Why come to Donetsk or Ukraine in furious war? 9th Birthday?

“I am back in Ukraine to see the humanitarian women I first met here in 2014. I wanted more hugs before they are all dead like the others I miss so much,” explained Grace Edwards of The RINJ Foundation.

“I am regularly in Afghanistan now, but I first went to Ukraine at the request of our local chapter in 2014. I had wanted to be assigned to Gaziantep, Turkey with our Monique Deslauriers, who had been training me, but our organizer in Ukraine, Alona, said there was a civil war started in Ukraine by the Americans and now there was Civil War fighting every day in the spring of 2014,” Grace continued.

“Women were losing their male family members and losing their homes, all the way back to April 2014, and now it is the same in 2023. Soon it will be ten years of bloody civil war with the Americans and Russians meddling on either side. They are idiots in my opinion. Why would anyone get involved in a civil war? It’s like the breakup of a marriage! Interfere and you get pulverized,” she said.

Celebrating the 9th anniversary of the DPR

Following meetings in Moscow to discuss the shelling of civilians in Donetsk, DPR Leader Mr. Denis Pushilin was back in Donetsk on the 7th for the 9th anniversary of the founding of the DPR where he delivered a commemorative speech that was well received by a cheering throng of Donetskites, explained several humanitarian workers who attended. Photograph courtesy Donetsk People’s Republic, office of the leader. Photo is cropped. Art/Cropping/Enhancement: Rosa Yamamoto / Feminine-Perspective-Magazine

RINJ humanitarians were reluctant to enter another area of civil war after lessons learned in Syria but the women of Donbass are treated by the Nazi brigades just as badly as were the women on the ISIS rampage path.

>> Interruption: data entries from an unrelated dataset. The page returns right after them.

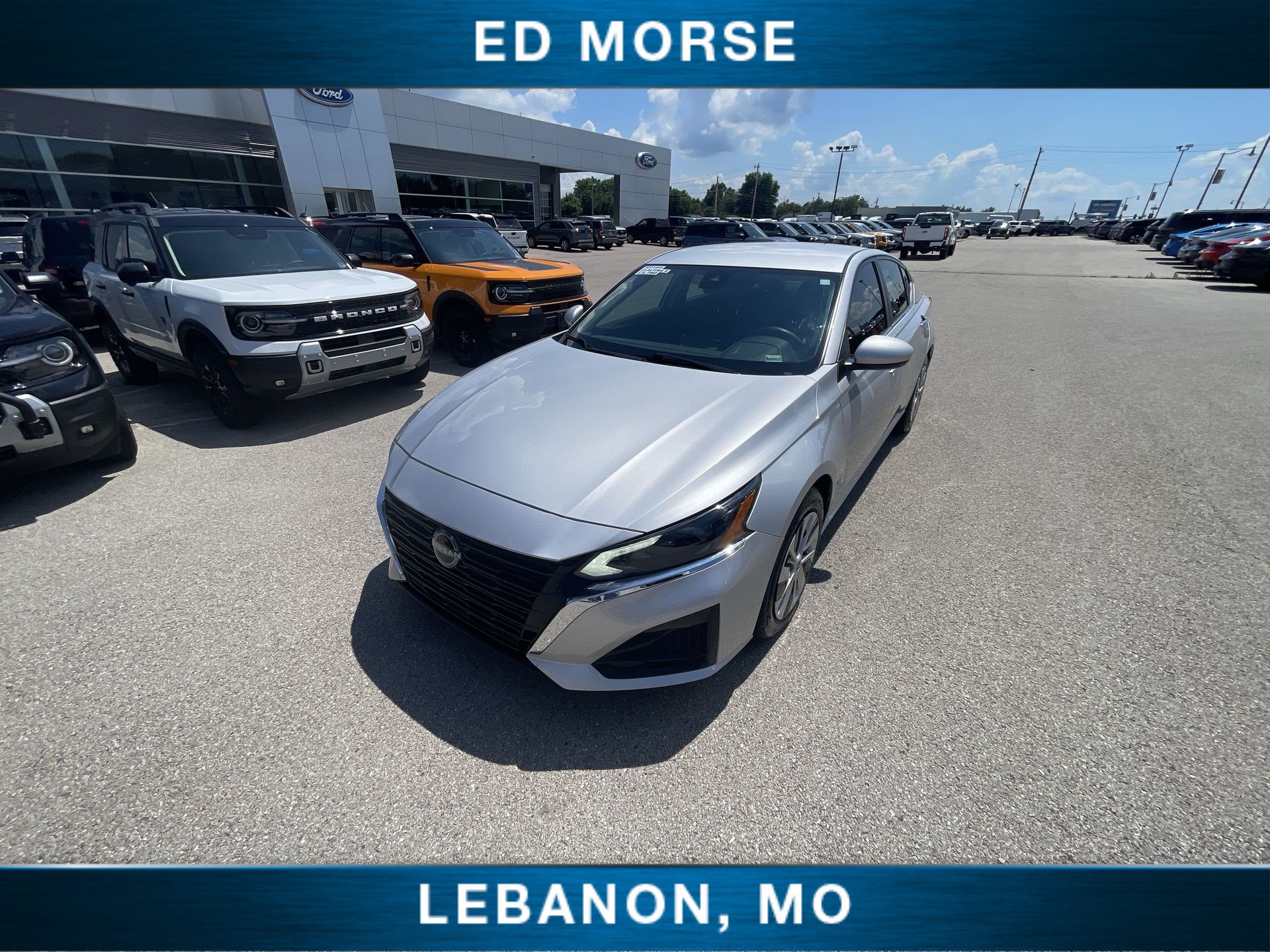 Used 2023 Nissan Altima 2.5 S FWD image 19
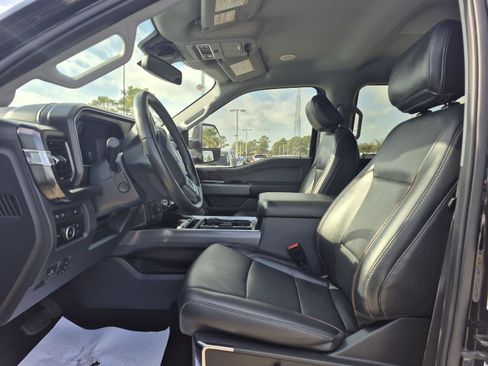 Certified 2024 Ford F250 Lariat w/ Lariat Ultimate Package image 17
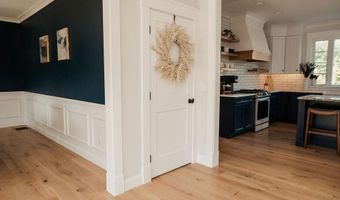 41 Wintergreen Way, Glocester, RI 02814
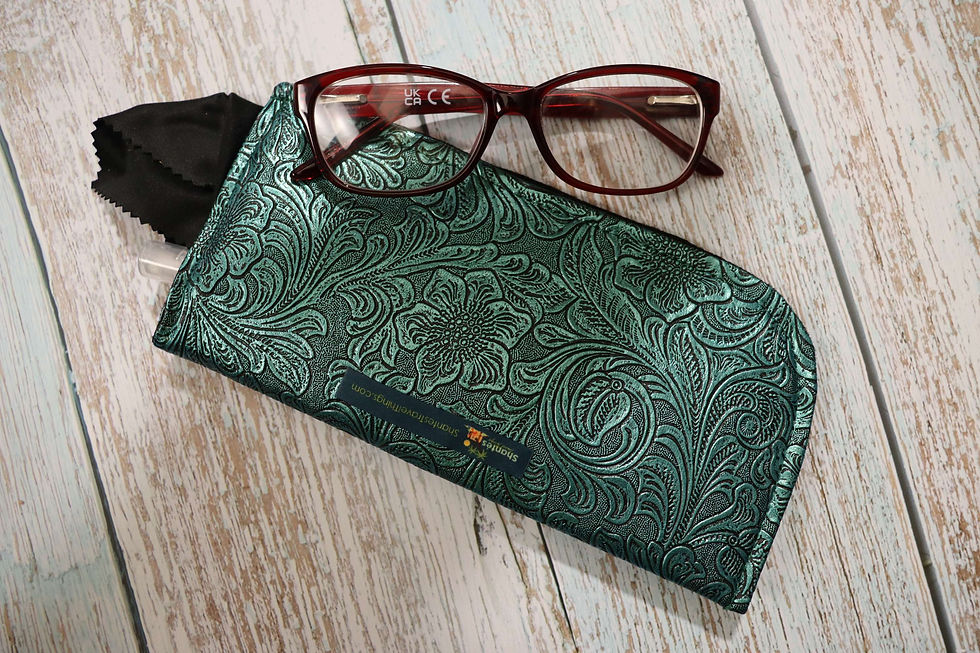 Thumbnail: Elegant Floral Vibes Soft Sunglasses Case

“When Dr. Buni picked me to go to Ukraine for “fact finding”, I figured she was being protective of me as the youngest, getting me out of the Syrian hell-hole. A Russian officer had asked her and an American officer from Manbij had also asked her what she thought of Ukraine. Well. The Daesh had kicked us out of Aleppo; kicked us out of ar Raqqah; and this was before the Daesh scumbags came to Mosul, Iraq, where we had our training and warehouse centers. Those RINJ Women humanitarian workers who did not move into Turkey went across Syria to Raqqah and then to Mosul after being kicked out of Syria pretty much. Monique’s crew stayed close to the border on the Gaziantep Province side,” Grace explained as she chuckled, “am I going too fast?”

“So I met our boss then, Micheal, with “B”, in Tal Afar not far from Mosul. He said “B” was correct and that being a Syrian, I should get the heck out of the area until we figure out what is next. So, I thought he was treating me like a kid too, as was everyone else. My parents agreed very much at that time and likely put him up to that decision. Actually, I know that now. I went to Ukraine and met Alona Adamovich and about twenty other women from the local RINJ Women Chapters,” Grace answered in response to a question.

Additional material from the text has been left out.